Everything from the line with "Cerf en Hiver Peinture par Numéros" to the end of the data below, both lines included, should be transcribed exactly; please omit the pictures.

Raw data:
····················

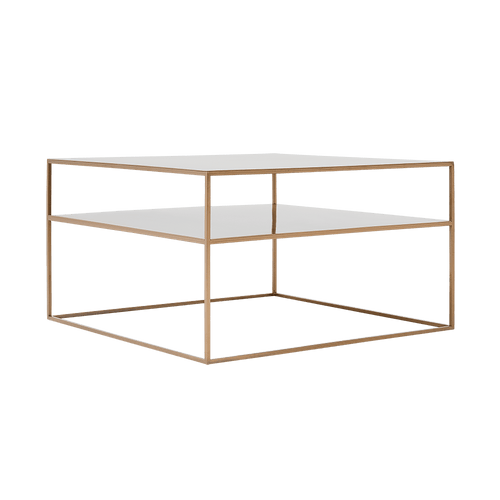 Masa de cafea din metal, Tensio 2 Floor Auriu, L80xl80xH45 cm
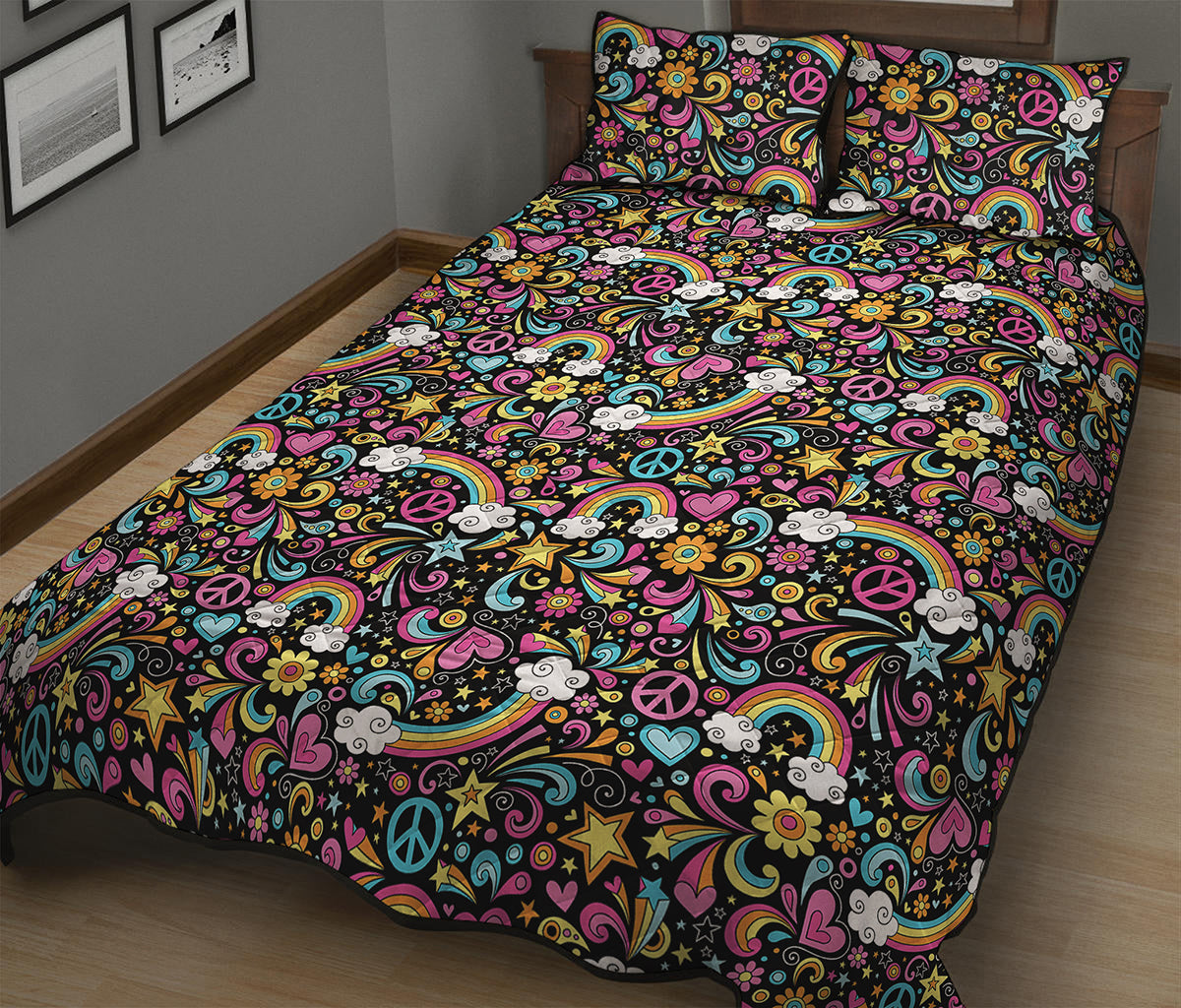 Groovy Hippie Peace Pattern Print Quilt Bed Set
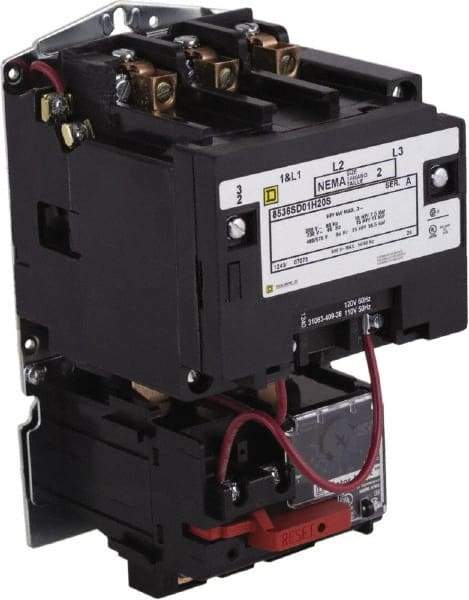 Square D - 208 Coil VAC at 60 Hz, 600 Coil VAC, 27 Amp, NEMA Size 1, Open Enclosure NEMA Motor Starter - 1 Phase hp: 7 1/2 at 200 Volt, 7 1/2 at 230 Volt, 3 Phase hp: 10 at 460 Volt, 10 at 575 Volt - Exact Industrial Supply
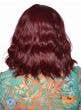 Deluxe Burgundy Mid-Length Wavy Fashion Wig for Women - Back View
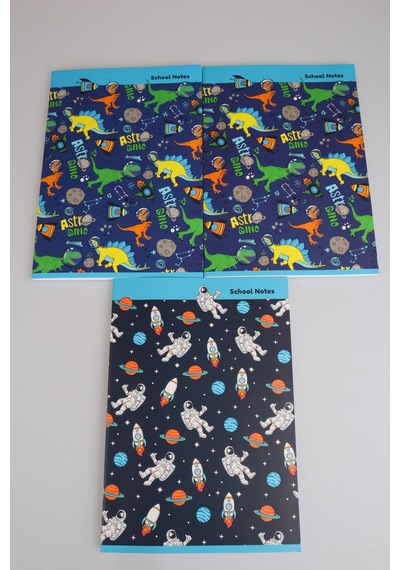 3 Adet A4 Defter Seti Astro Dino Explorer Collection 2 Adet Çizgili Defter Ve 1 Adet Kareli Defter 80 Yaprak Altın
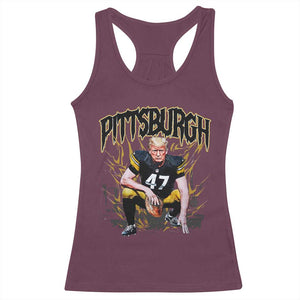 Vintage Pittsburgh Racerback Tank Top Retro Sports Fan Trump 47 Streetwear Bootleg TS10 Maroon Print Your Wear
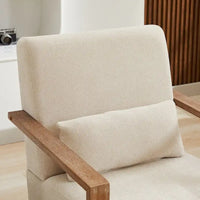 Fauteuil d'appoint moderne pivotant 30,3 W avec accoudoirs en bois massif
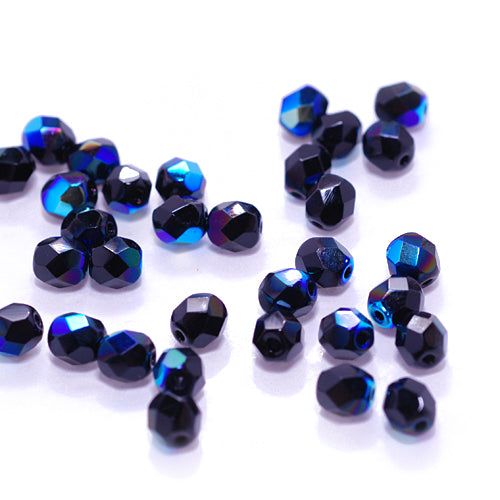Preciosa ground glass beads black AB / 50 pcs. / 6mm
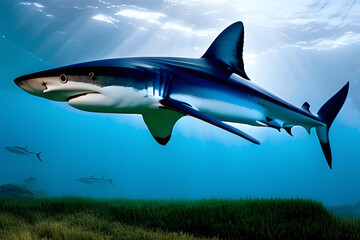 Shark swimming in the ocean. Underwater world. 3D rendering. Generative AI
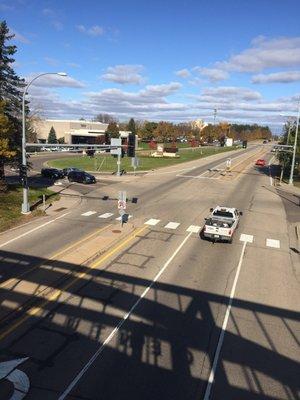 View from the campus pedestrian bridge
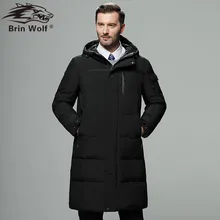 Новая мужская одежда, зимний теплый пуховик с капюшоном, толстый длинный тонкий пуховик, Мужская черная брендовая одежда размера плюс 5XL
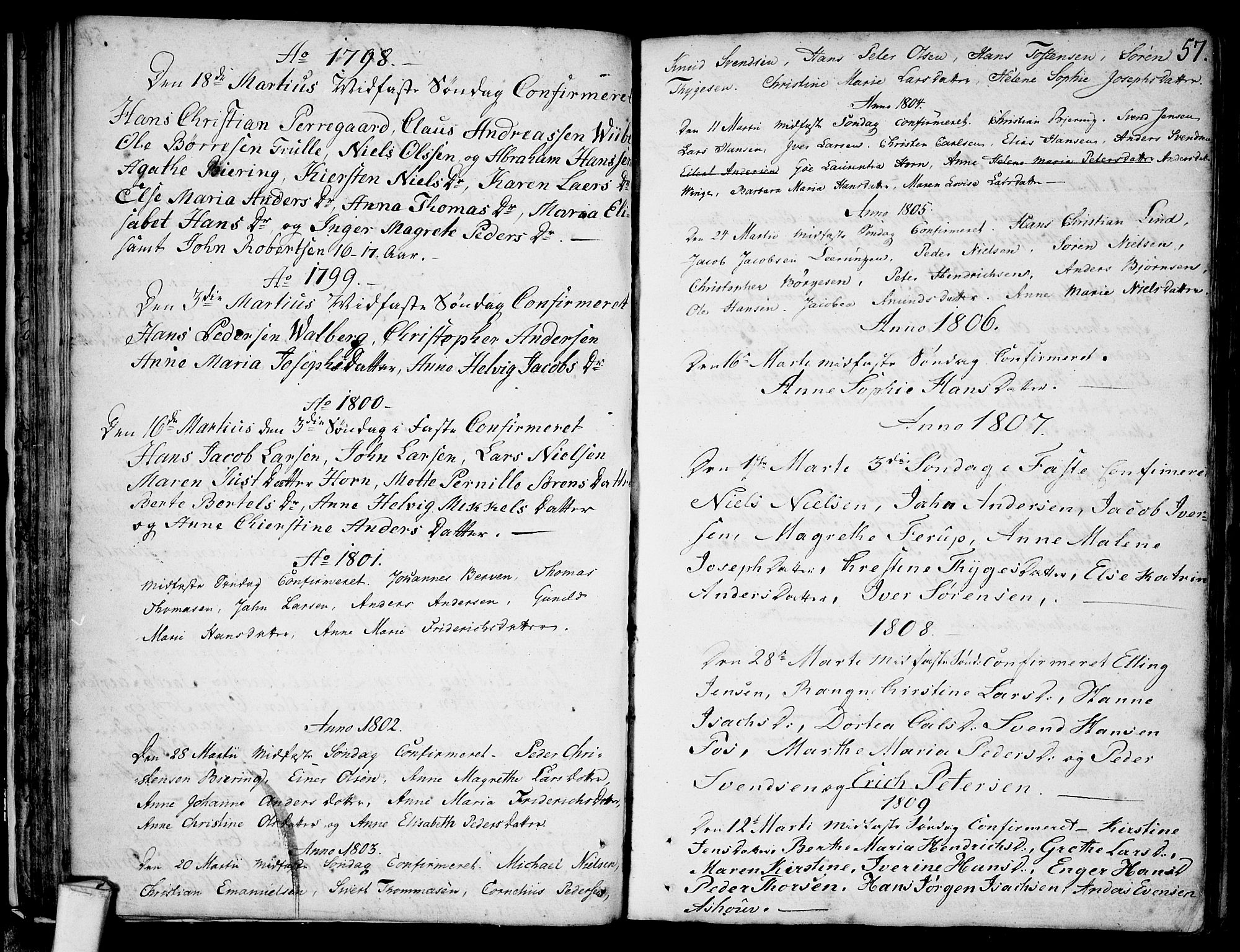 Larvik kirkebøker, AV/SAKO-A-352/F/Fb/L0001: Parish register (official) no. II 1, 1779-1817, p. 57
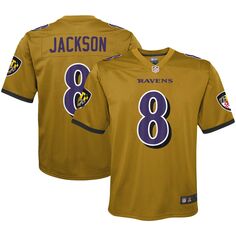 Молодежная майка Nike Lamar Jackson Gold Baltimore Ravens Inverted Game Nike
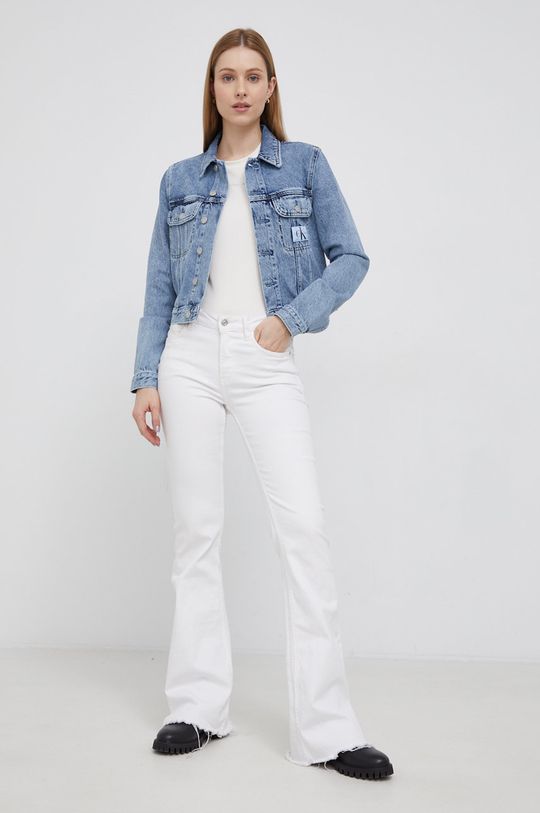 Tričko Calvin Klein Jeans smetanová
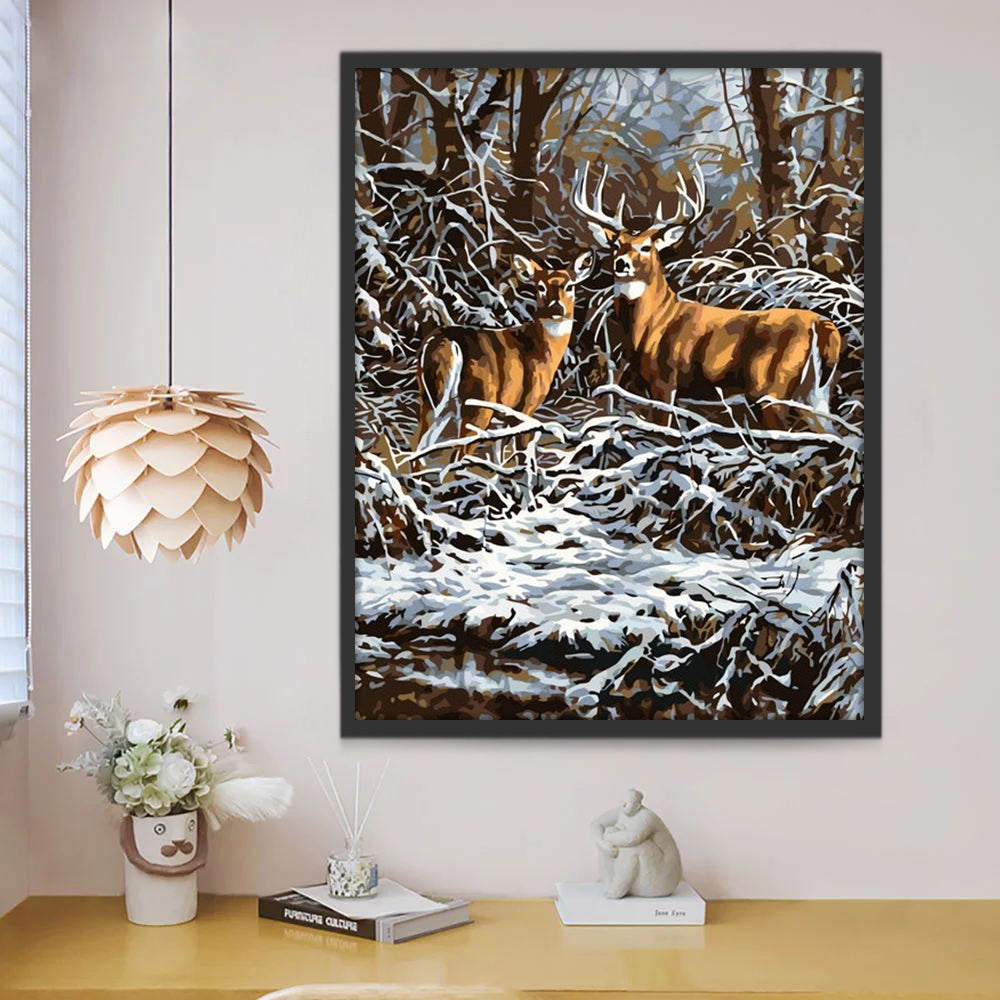 Cerf en Hiver Peinture par Numéros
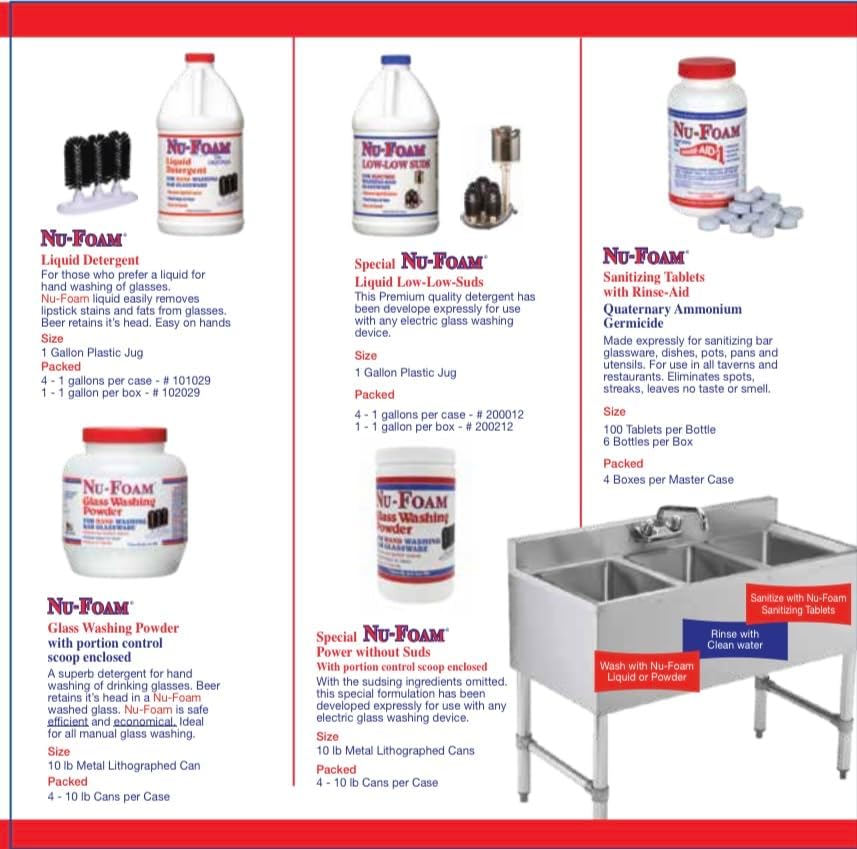 Nu-Foam Triple Glass Washing Brush, Bar Glassware Cleaner with Base, 3 Brushes, Black and White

····················

Answer to this exercise:
 Cerf en Hiver Peinture par Numéros
 Nu-Foam Triple Glass Washing Brush, Bar Glassware Cleaner with Base, 3 Brushes, Black and White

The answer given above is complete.